Million Dollar Quartet

Last week I spent an evening at the theatre seated in the audience for a showing of Million Dollar Quartet.  It was fun, funny and a whole lotta rock 'n' roll all thrown into two hours.


What is all the fuss about I hear you say?



It was one of those shows where the audience really gets into it and at the end we were on our feet singing and dancing along.  How I wished it was real... that kinda rock 'n' roll show like they did them in the good ol' days!  People actually dancing to a live band.  The feeling is exhilarating and really nothing beats it for heart pumping feel good factor.

This is a show I would recommend to see if this is your kind of music or not.  Nothing too serious, just some light hearted fun with a nice story behind it.  Go see it, why not!?  You can find the album of their recording session on Spotify which I've listened to on many an occasion.  xxx

Here's a 30 second trailer of the show



This here is what's written on Wikipedia about Million Dollar QuartetThe jam session seems to have happened by pure chance.
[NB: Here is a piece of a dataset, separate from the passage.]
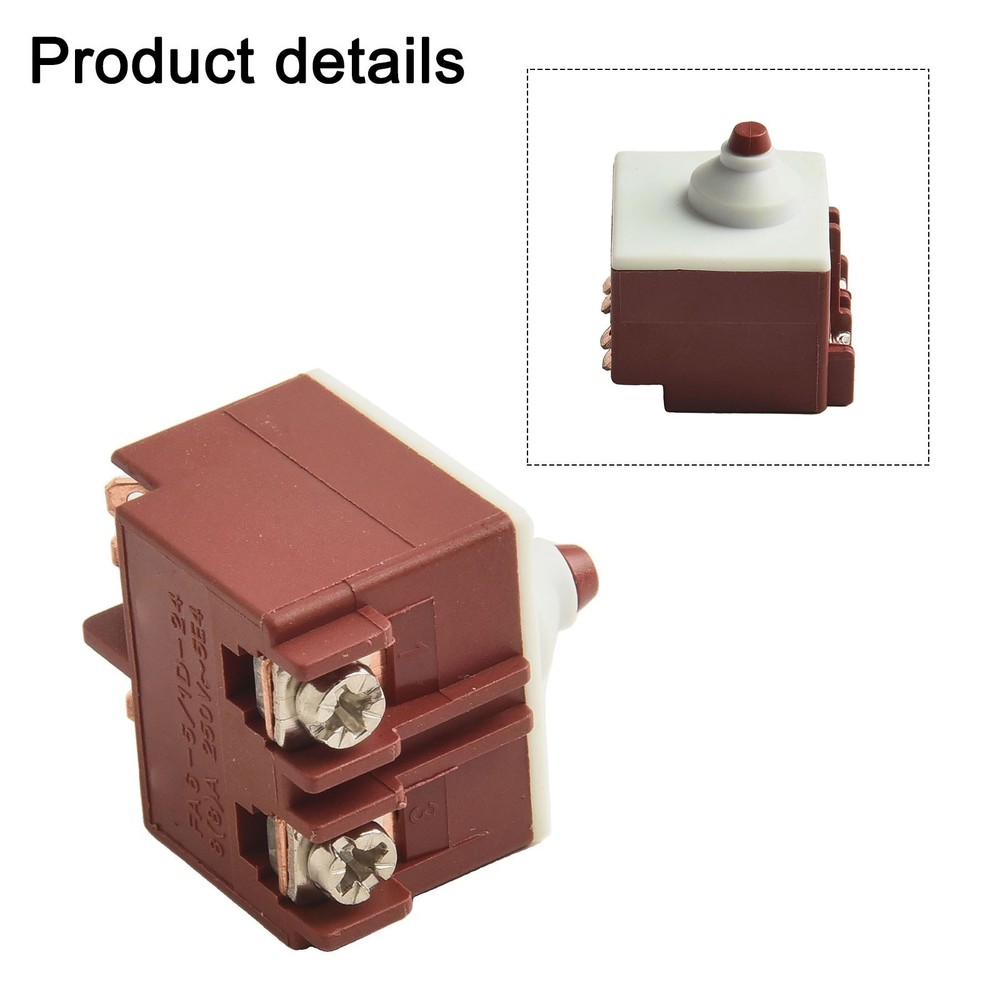 125V 12A Angle Grinder Switch Button Switch Angle Grinder For GWS6 7-100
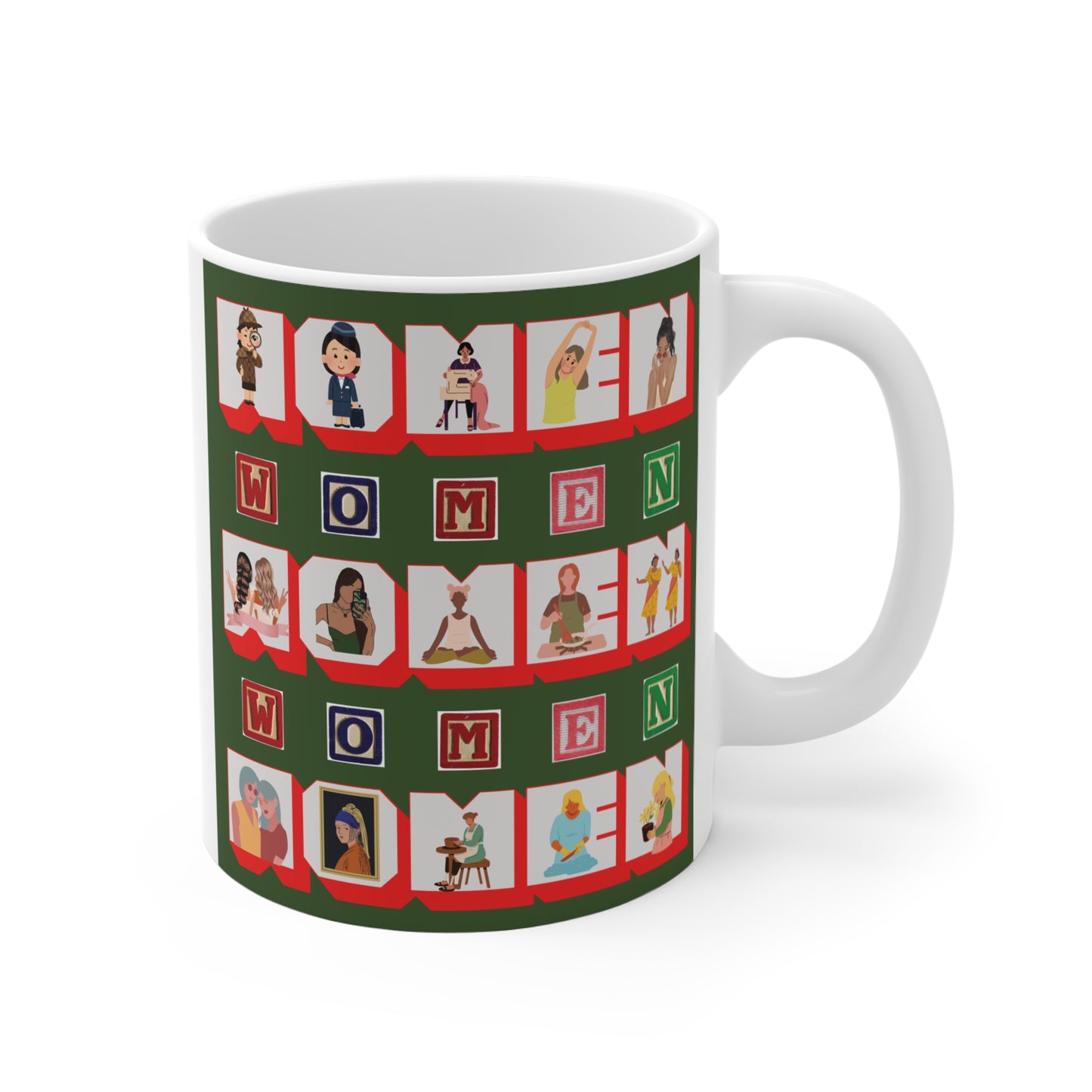 Celebrate strength and unity with our *Empowering Women* 11oz ceramic mug. Gift for International Women’s Day, birthdays, feminists, and activists. BUY NOW!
Perkins, who by this time had already met success with "Blue Suede Shoes", had come into the studios that day, accompanied by his brothers Clayton and Jay and by drummer W.S. Holland, their aim being to cut some new material, including a revamped version of an old blues song, "Matchbox". Sam Phillips, the owner of Sun Records, who wished to try to fatten this sparse rockabilly instrumentation, had brought in his latest acquisition, singer and piano man extraordinaire Jerry Lee Lewis, still unknown outside Memphis, to play piano on the Perkins session.

Sometime in the early afternoon, Elvis Presley, a former Sun artist himself but now at RCA, dropped in to pay a casual visit accompanied by a girlfriend, Marilyn Evans.[1] He was, at the time, the biggest name in show business, having hit the top of the singles charts five times, and topping the album charts twice in the preceding 12-month period. Less than four months earlier, he had appeared on The Ed Sullivan Show, pulling an unheard-of 83% of the television audience, which was estimated at 55 million, the largest in history up to that time.
After chatting with Philips in the control room, Presley listened to the playback of Perkins’ session, which he pronounced to be good. Then he went out into the studio and some time later the jam session began. At some point during the session, Sun artist Johnny Cash, who had recently enjoyed a few hits on the country charts, popped in. (Cash wrote in his autobiography Cash that he had been first to arrive at the Sun Studio that day, wanting to listen in on the Perkins recording session.) Cowboy Jack Clement was engineering that day and remembers saying to himself "I think I'd be remiss not to record this" and so he did and the rest is history. After running through a number of songs, Elvis and girlfriend Evans slipped out as Jerry Lee pounded away on the piano. Cash claims in Cash that "no one wanted to follow Jerry Lee, not even Elvis."
During the session Phillips spotted an opportunity for some publicity and called a local newspaper, the Memphis Press-Scimitar. Bob Johnson, the newspaper’s entertainment editor, came over to the studios accompanied by a UPI representative named Leo Soroca and a photographer.
The following day, an article, written by Johnson about the session, was published in the Memphis Press-Scimitar under the title "Million Dollar Quartet". The article contained the now-famous photograph of Presley seated at the piano surrounded by Lewis, Perkins and Cash (the uncropped version of the photo also includes Evans, shown seated atop the piano). This photo proves Cash was there, but the audio doesn't provide substantial proof he joined in on the session.